▶ **What is required**: Please repeat, exactly as they stand, the line containing "Rouleau industriel robuste" and the lines after it through the final line of the listing below, minus pictures.

══ Supplied material

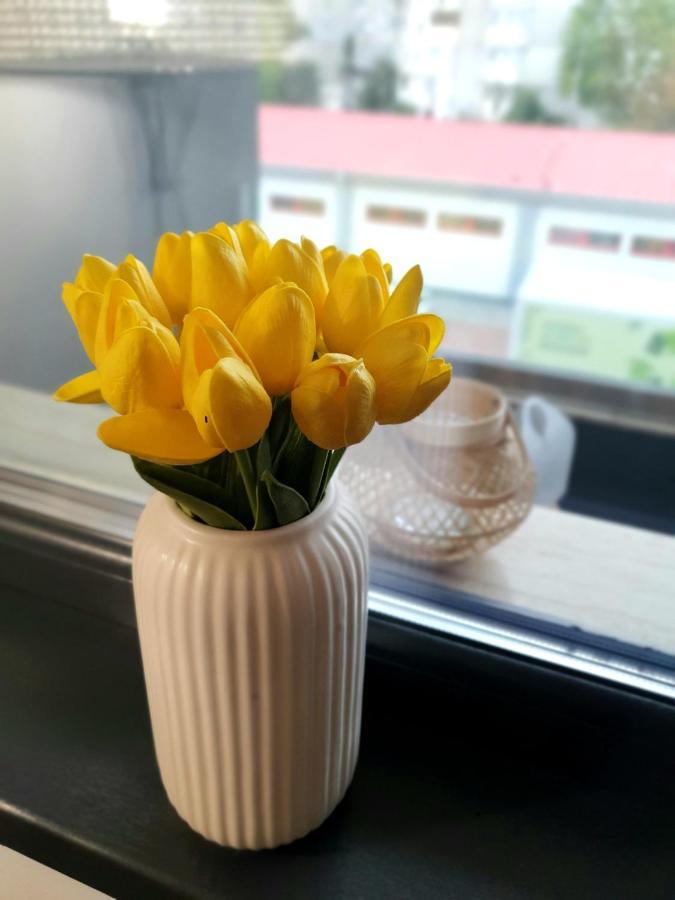 'Just Like Home' Apartment - With Private Parking Place 갈라치 외부 사진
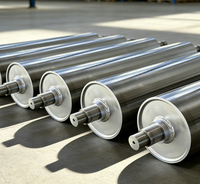 Rouleau industriel robuste en acier inoxydable 316 poli miroir avec roulement à rouleaux et roulement à billes, neuf, directement de l'usine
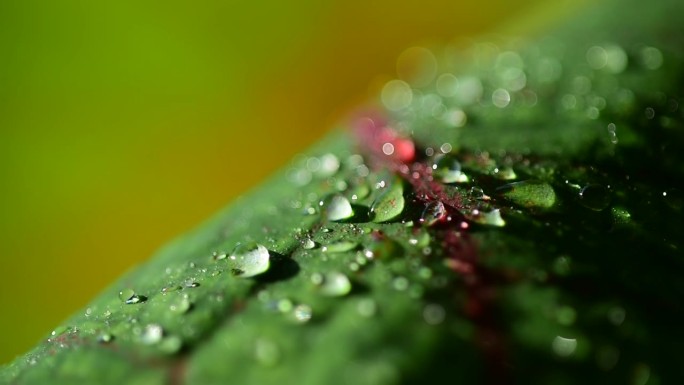 雨季时树叶上的大水滴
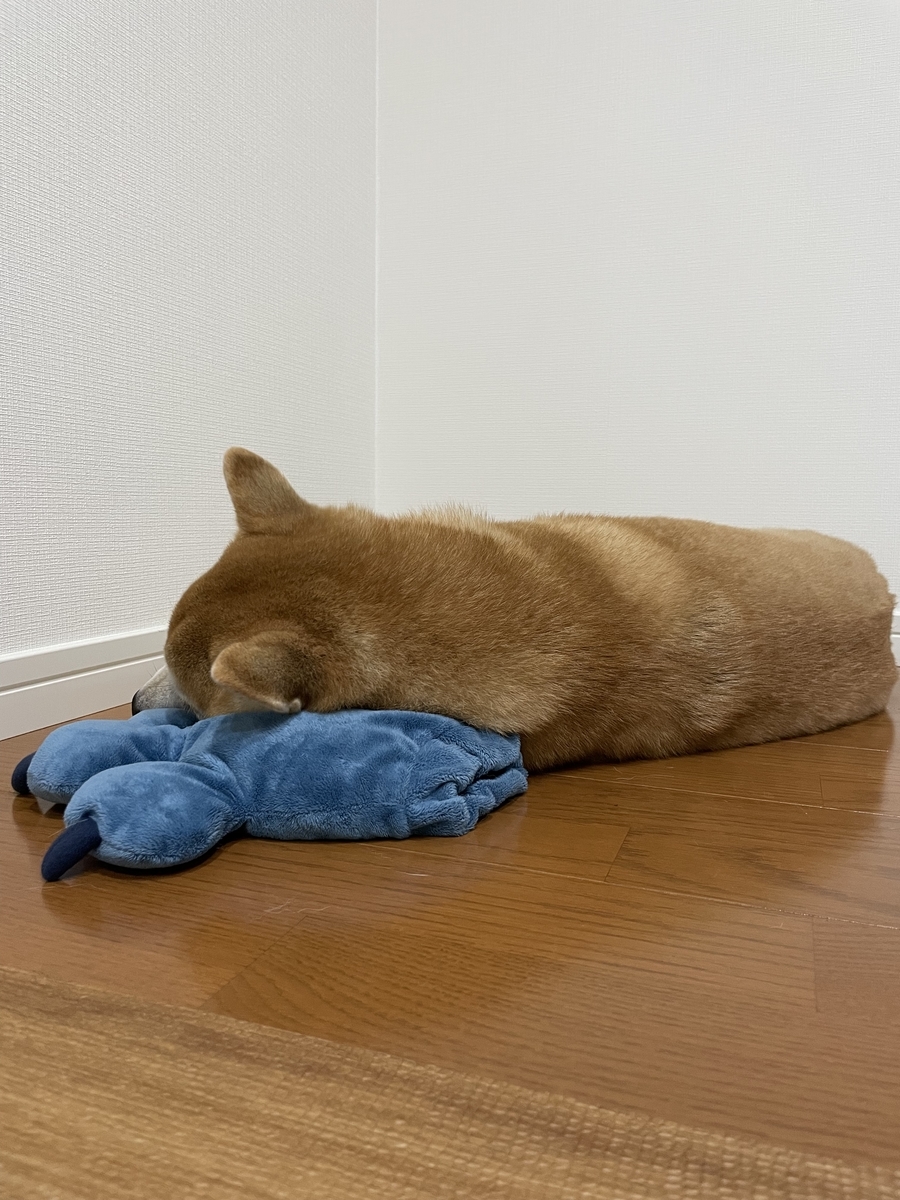 枕を使う犬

════

▶ **Output for this task**:
 Rouleau industriel robuste en acier inoxydable 316 poli miroir avec roulement à rouleaux et roulement à billes, neuf, directement de l'usine
 雨季时树叶上的大水滴
 枕を使う犬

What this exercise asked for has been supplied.